#### WHAT IS REQUIRED
Only lines with the word "featuring" are needed; collect each of them from the listing below.

################

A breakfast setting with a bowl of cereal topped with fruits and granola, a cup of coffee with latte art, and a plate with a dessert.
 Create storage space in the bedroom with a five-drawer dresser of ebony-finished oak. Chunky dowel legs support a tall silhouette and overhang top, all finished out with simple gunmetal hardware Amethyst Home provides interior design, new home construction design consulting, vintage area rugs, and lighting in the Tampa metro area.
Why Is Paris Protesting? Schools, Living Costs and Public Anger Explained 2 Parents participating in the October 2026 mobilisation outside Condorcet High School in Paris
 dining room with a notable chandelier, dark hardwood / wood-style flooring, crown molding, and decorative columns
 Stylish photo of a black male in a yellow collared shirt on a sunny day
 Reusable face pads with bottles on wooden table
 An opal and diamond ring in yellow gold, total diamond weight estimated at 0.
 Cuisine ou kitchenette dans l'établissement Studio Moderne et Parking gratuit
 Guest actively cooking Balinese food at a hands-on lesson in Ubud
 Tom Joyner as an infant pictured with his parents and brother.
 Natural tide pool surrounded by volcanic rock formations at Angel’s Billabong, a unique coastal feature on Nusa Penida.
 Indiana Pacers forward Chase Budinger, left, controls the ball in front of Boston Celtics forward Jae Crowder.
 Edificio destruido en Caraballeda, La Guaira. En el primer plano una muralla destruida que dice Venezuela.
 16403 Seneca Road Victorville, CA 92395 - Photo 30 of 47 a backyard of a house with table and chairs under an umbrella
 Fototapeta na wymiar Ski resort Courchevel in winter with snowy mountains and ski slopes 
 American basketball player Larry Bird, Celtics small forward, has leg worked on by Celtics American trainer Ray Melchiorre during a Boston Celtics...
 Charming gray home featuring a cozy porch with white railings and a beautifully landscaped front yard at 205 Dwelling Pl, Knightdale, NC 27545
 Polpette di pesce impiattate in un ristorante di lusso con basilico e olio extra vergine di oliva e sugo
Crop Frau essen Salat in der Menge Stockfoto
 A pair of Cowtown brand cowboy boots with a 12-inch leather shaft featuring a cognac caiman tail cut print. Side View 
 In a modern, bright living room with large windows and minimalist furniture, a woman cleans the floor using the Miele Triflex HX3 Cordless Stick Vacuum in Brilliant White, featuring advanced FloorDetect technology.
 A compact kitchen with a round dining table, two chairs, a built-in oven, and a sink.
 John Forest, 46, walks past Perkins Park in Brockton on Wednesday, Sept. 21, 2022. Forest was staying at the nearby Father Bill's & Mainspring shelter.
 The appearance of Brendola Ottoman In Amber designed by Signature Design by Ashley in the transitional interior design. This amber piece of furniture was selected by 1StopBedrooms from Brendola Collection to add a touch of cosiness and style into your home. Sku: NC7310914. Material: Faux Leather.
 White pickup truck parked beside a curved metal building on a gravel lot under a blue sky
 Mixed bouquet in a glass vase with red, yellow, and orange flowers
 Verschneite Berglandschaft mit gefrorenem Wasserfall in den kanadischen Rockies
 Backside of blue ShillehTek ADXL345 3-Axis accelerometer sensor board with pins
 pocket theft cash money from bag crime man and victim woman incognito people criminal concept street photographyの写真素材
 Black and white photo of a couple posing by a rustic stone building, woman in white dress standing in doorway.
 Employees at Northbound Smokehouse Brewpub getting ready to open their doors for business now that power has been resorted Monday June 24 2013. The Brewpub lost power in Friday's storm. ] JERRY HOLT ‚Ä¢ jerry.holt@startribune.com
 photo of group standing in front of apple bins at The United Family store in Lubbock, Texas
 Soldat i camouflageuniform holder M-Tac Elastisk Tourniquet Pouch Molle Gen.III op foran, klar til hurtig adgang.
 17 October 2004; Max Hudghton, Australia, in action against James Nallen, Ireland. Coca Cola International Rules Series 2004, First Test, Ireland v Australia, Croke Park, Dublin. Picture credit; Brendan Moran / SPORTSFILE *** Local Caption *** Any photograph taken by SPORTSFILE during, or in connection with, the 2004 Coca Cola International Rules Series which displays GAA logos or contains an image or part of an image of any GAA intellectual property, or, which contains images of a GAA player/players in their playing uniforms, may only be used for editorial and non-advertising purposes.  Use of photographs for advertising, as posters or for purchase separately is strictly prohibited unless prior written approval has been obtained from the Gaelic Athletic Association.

################

#### EXERCISE RESPONSE
 Charming gray home featuring a cozy porch with white railings and a beautifully landscaped front yard at 205 Dwelling Pl, Knightdale, NC 27545
 A pair of Cowtown brand cowboy boots with a 12-inch leather shaft featuring a cognac caiman tail cut print. Side View 
 In a modern, bright living room with large windows and minimalist furniture, a woman cleans the floor using the Miele Triflex HX3 Cordless Stick Vacuum in Brilliant White, featuring advanced FloorDetect technology.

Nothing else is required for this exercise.